On Monday, the marathon bombing killed 3 and injured 170. On Thursday, the blast at the Texas fertilizer plant killed up to 15 people and injured 180. The parallel -- but slightly elevated -- number of casualties in Texas almost seemed to be trying, in a perverse twist of timing, to supersede the importance of those in Boston.
To the people affected, both tragedies hit equally hard. If you've lost a leg, that affects the rest of your life the same way, regardless of how you've lost it. And to the people who've lost loved ones, their mourning will be just as sorrowful either way, even if up in Boston the sadness will be mixed with anger.
(I've heard all sorts of calls "for prayers" for the victims of the Boston bombing; as yet, I've hear none for the victims of the Texas explosion, though they are suffering just as much.)
One of the tragedies involved the type of people that reader of the NY Times know: people who live in big cities and who run, or cheer for those who run, road races. And it involves a threat to such readers, since we all go to crowded places, and terrorism can strike anywhere. The other affects bunch of people living in a place Times readers would likely never go, 20 miles north of Waco, Texas.
One tragedy will add fuel to the national debate on immigration, and ethnic and religious profiling, and be talked about for months to come.

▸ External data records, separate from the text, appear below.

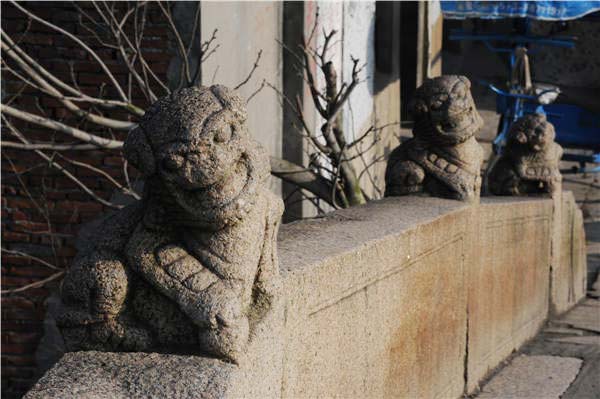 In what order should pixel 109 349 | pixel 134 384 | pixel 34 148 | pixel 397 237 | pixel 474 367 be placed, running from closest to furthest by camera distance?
pixel 134 384, pixel 109 349, pixel 397 237, pixel 474 367, pixel 34 148

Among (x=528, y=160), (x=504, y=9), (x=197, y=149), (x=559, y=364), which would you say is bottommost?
(x=559, y=364)

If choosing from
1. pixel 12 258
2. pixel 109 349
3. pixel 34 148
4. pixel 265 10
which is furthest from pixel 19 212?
pixel 109 349

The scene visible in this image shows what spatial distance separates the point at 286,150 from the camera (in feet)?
31.7

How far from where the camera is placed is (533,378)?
6641 mm

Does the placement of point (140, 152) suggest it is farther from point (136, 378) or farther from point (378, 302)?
point (378, 302)

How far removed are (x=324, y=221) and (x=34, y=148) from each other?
2447 millimetres

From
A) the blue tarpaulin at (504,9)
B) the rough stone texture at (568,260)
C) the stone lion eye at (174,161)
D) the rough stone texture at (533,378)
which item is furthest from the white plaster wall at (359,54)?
the stone lion eye at (174,161)

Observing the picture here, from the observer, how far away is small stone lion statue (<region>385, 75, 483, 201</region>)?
6.06 metres

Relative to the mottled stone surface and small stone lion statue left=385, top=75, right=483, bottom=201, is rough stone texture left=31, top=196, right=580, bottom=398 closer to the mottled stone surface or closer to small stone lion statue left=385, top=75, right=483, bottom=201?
the mottled stone surface

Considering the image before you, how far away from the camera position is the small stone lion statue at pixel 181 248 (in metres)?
3.18

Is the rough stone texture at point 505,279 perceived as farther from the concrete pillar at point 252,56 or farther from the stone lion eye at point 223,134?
the stone lion eye at point 223,134

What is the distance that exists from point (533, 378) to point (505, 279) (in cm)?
71

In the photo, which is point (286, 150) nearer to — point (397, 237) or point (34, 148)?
point (34, 148)

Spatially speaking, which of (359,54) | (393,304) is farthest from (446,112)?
(359,54) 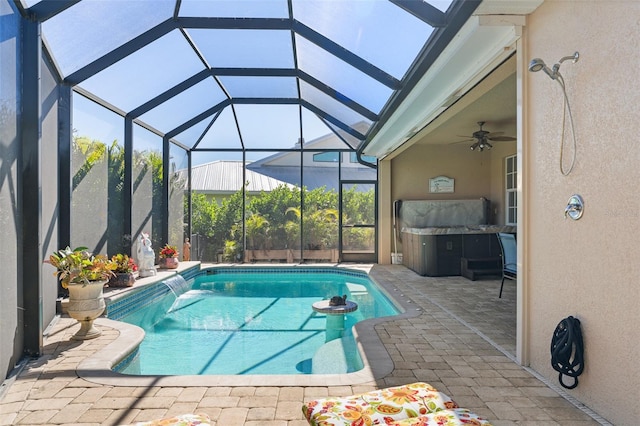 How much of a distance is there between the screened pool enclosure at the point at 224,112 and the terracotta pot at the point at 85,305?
4.20 feet

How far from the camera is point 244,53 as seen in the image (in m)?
6.21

The other, the media will soon forget.
I'm not even suggesting that it should be otherwise. The Boston bombing is far more of a human interest story: it involves human perfidy, and personal character, and touches on national policy.
The other just goes into the "shit happens" category, soon to be forgotten by all but those directly affected.
But the fertilizer plant explosion did serve as a reminder -- however temporary -- that tragedy comes in all shapes and sizes, and from all directions.